Mummy-like sleepers lay on the wood-chips in the early morning while the regular homeless population was taking breakfast at the picnic tables under the oaks. It seems the presence of the homeless at all hours of the day and night has been an irritant for a down-town that's still looking to be revitalized without any visible evidence of people. While residential units have mushroomed, there still aren't sidewalks for people to walk. From secured habitat to motorized cage to designated work-place is still the preferred mode of operation for the citizens of Gainesville. Having people perambulate is still anxious-making.
I'm told that St. Francis House has been restricted to serving no more than 120 persons per day. How such restrictions can be squared with the Constitution is beyond me. St. Francis House isn't even a commercial enterprise. Of course, it's only the Congress that's precluded from making laws affecting establishments of religion. Since it is up to the people to enforce the laws, municipal restrictions and prior restraints are sure to bubble up as the occupations continue and people become better informed about what their neighbors need.

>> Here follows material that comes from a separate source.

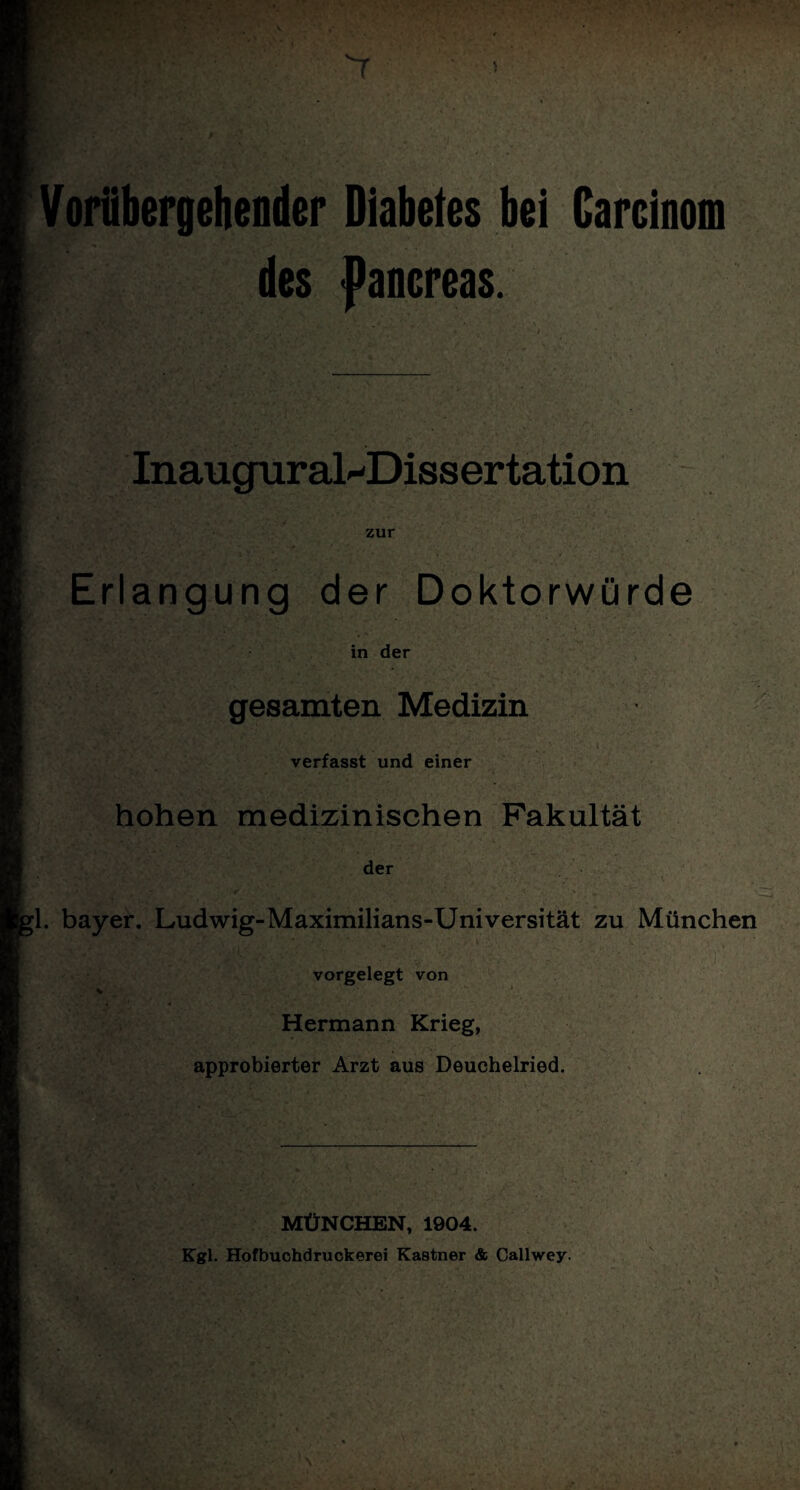 des -fanereas. Inauguraldissertation zur Erlangung der Doktorwürde in der gesamten Medizin verfasst und einer hohen medizinischen Fakultät der 1. bayer. Ludwig-Maximilians-Universität zu München vorgelegt von Hermann Krieg, approbierter Arzt aus Deuchelried. MÜNCHEN, 1904. Kgl. Hofbuchdruckerei Kästner & Callwey.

It seems pretty clear that the 1%ers are isolates. Some are anti-social, but most, I suspect, simply aren't able to connect and, in the alternative effort to dominate, they find it convenient to isolate their targets. Not to make them more like themselves, but because individuals are easier to manipulate than groups. Segmentation and segregation aren't goals in themselves; rather they serve the objective of domination. Funny that people who can't control themselves seek to dominate others. Or is it simply a matter of imitating the behavior of people who find it necessary to direct them to get them to do anything useful at all?